Il en résulte un ouvrage à la fois léger et sérieux, rempli de notations fines et d’aperçus rarement rencontrés hors du cercle étroit des spécialistes ! Le chapitre sur la pluie, qu’Alain Corbin s’est réservé, est le plus «historien» de tous, consacré essentiellement aux croyances anciennes sur la pluie en milieu rural, aux usages poétiques et «politiques» de la pluie (le parapluie de Louis-Philippe !) et au topos récurrent associant la pluie et les larmes. Les contributions qui suivent ne le cèdent en rien et méritent elles aussi la lecture. Pour se limiter à quelques exemples, citons l’usage de la neige comme source de boissons fraîches, le brouillard ou l’orage comme cadre des rêves romantiques et source d’inspiration poétique, ou encore cette mutation culturelle majeure par laquelle le soleil devient l’ami de l’homme, dispensateur de (bonne) santé et de joie et ceci alors même qu’il était redouté auparavant et qu’il fallait s’en protéger pour éviter de devenir fou, aux dires mêmes de Pinel, le fondateur de la psychiatrie française ! Au-delà même de l’astre radieux, c’est la chaleur qui devient délectable et il ne semble pas que les craintes millénaristes sur le «réchauffement climatique» aient si peu que ce soit modifié cette manière de sentir. En revanche, le brouillard tend à disparaître, au moins dans les zones urbaines et personne ne songe à s’en plaindre.

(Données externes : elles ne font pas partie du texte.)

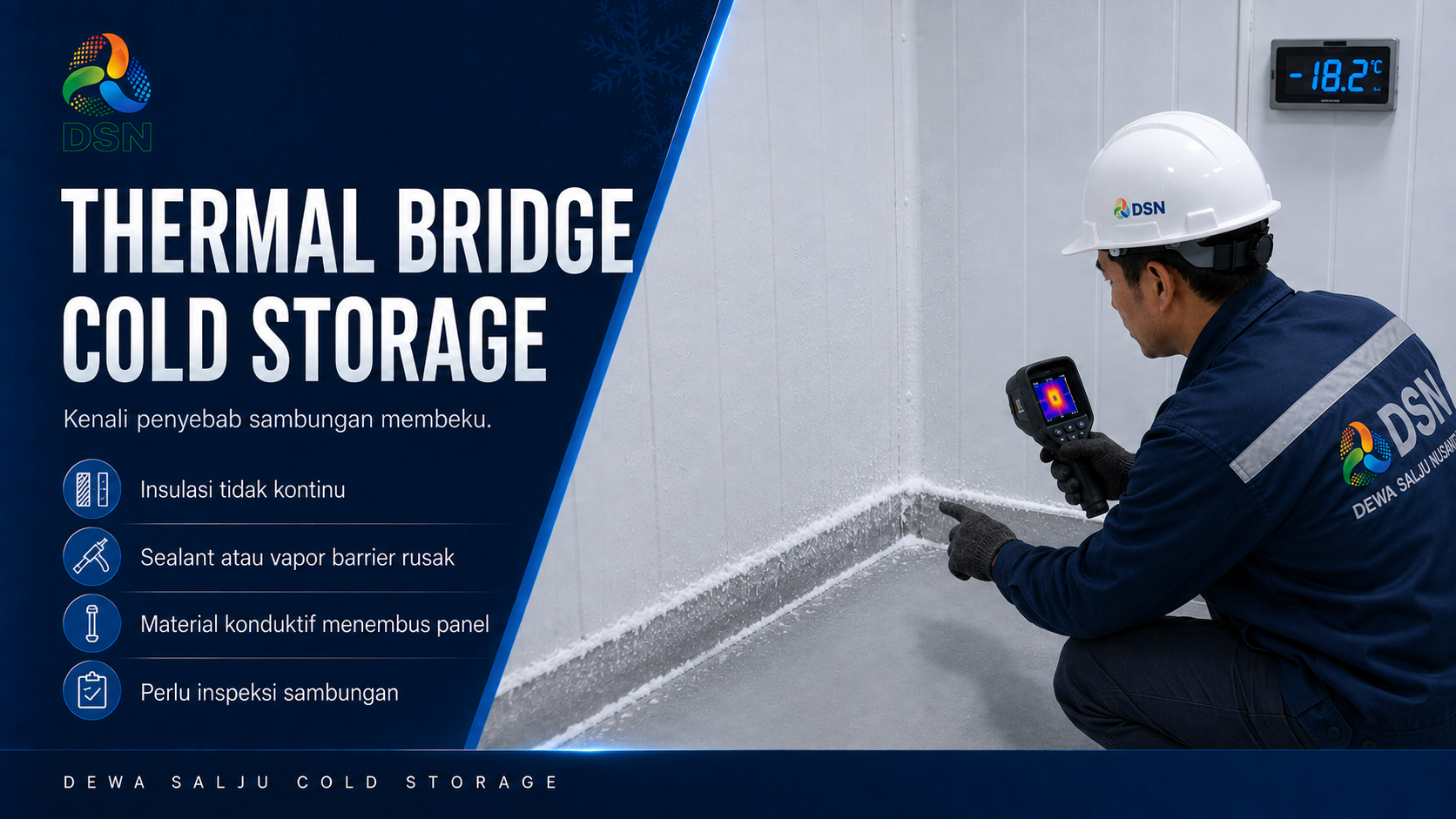 Ilustrasi thermal bridge cold storage pada sambungan lantai dan dinding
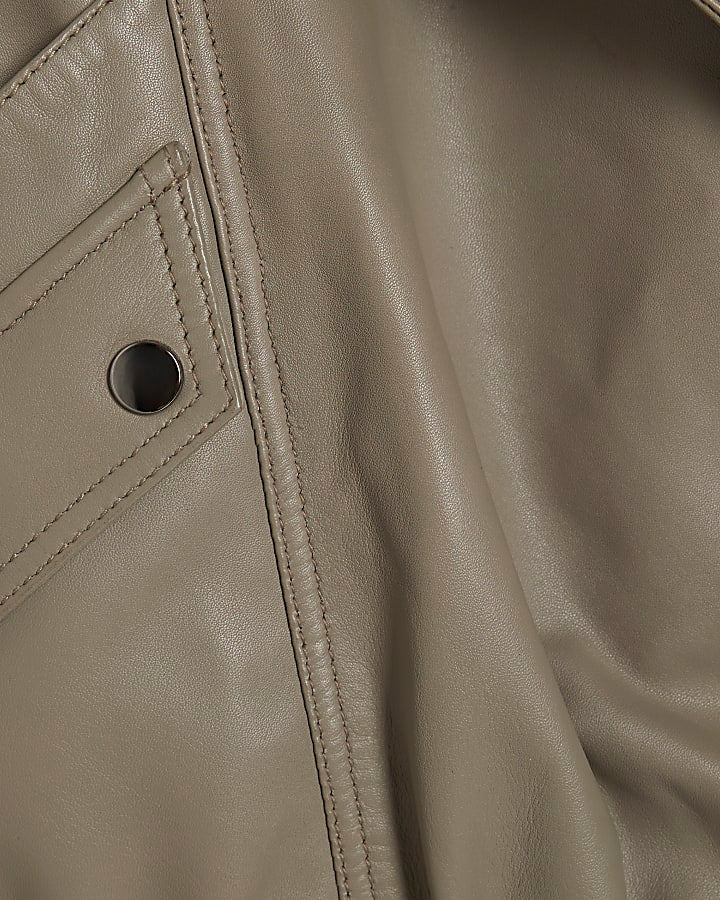Grey RI Studio Leather Bomber Jacket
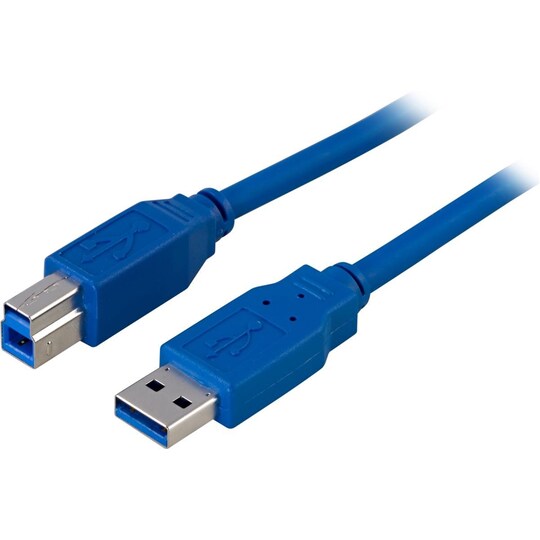 DELTACO USB 3.0 kabel, Typ A hane - Typ B hane, 1m, blå (USB3-110)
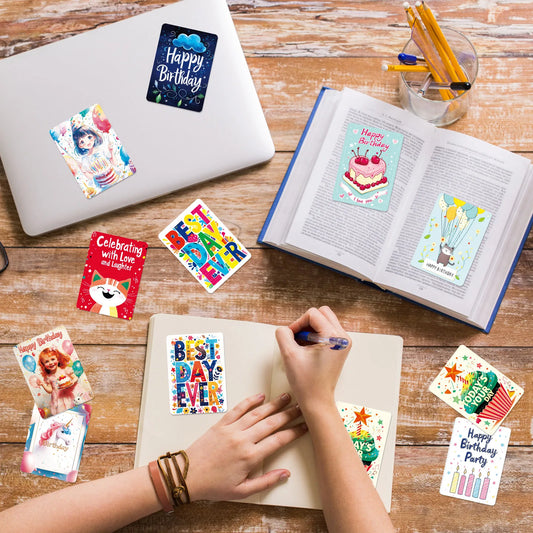 Happy Birthday Cards Non Repetitive Cartoon Patterns Blessings Peaceful Pleasures Health and Wellness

Les auteurs, en effet, ne s’interdisent pas, on l’a vu, de pousser jusqu’à l’époque actuelle et l’on trouvera des notations qui permettent de remettre en perspective ce qui nous semble évident. Ainsi, parmi beaucoup d’autres, le chapitre sur l’orage et les tornades qui l'accompagnent montre «l’antropomorphisation du phénomène qui donne une allure épique à la lutte qui est engagée contre lui, mais aussi l’usage du superlatif», ce qui ne s’oppose pas à cette notation, elle aussi très vraie : «Chaque tempête tend à occulter la précédente, comme si le choc rendait amnésique».

Mais c’est surtout la vogue récente des rubriques météorologiques des médias et les explications qui en sont données qui méritent de retenir l’attention du lecteur. En premier lieu, certes, le constat du surprenant vedettariat des présentateurs, mais plus encore ce que les auteurs dénomment la «météo sensibilité», la «climatomanie» ou mieux encore «l’intranquillité» du public, selon le néologisme repris à Pessoa, devant les phénomènes désagréables, voire le simple «mauvais temps». Et ceci alors même que la dépendance aux phénomènes atmosphériques n’a cessé de diminuer au cours du siècle écoulé, encore un paradoxe… Force est alors de recourir à des hypothèses liées à la psychologie humaine telle que l’ambition de contrôler sa propre vie, d’arrêter la course du temps (qui passe) et, pourquoi pas, hasarde l’auteur de ces lignes, le désir du risque zéro là même où nul ne peut le garantir ?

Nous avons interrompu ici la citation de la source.